Walter Moers with illustrations by Gustave Doré
Wilde Reise durch die Nacht
(Wild Journey Through the Night)
Eichborn, September 2001. 206pp.
ISBN 3-8218-0890-X
This fantastical novel is loosely based on twenty-one drawings by Gustave Doré, the famous nineteenth-century artist. Although these drawings and etchings were originally made to illustrate the works of such writers as Milton, Cervantes, Coleridge and Poe, Moers has interwoven each of them seamlessly into his story. This imagines Doré as he might have been as a boy, and takes the reader on a wild journey through his twelve-year-old dreams.
Gustave is the only one aboard his ship to survive the storm whipped up by a ferocious pair of Siamese twin tornadoes. Death, accompanied by his sister, Dementia, visits the stricken vessel, and a deal is struck whereby Gustave's life will be spared if he can complete six impossible tasks - but he has only one night in which to do so. Along the way he meets helpless virgins and fire-spewing dragons, a dream princess, griffins and strange giants, a crocodile and a flying pig, and - eventually - he encounters himself. The adventures spill over into one another in a hallucinatory way as he, a knight in shining armour, and his trusty steed, Pancho Sansa, travel about the earth, through time tunnels, to the ends of the universe, and to the moon. And as if this were not enough, he also learns about the meaning of life, souls, magic and death, and discovers how time, past, present and future, is a concept on Earth but not in the distant universe.
Although on one level this is a novel written for children, to confine it to that would be to miss its point.

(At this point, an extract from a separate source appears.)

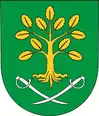 Wappen der Landgemeinde Brzeziny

Here is a potential classic for adult readers as well. Moers has the ability, rare among modern authors, to bring an old formula to life in a modern context. The ingredients of myth and fairy-tale are here brewed into something new, written in tongue-in-cheek homage to the German tradition. Doré's sometimes frightening drawings simply add to the richness and uniqueness of this wonderful novel. If only all our dreams were as vivid and enlightening as those imagined here.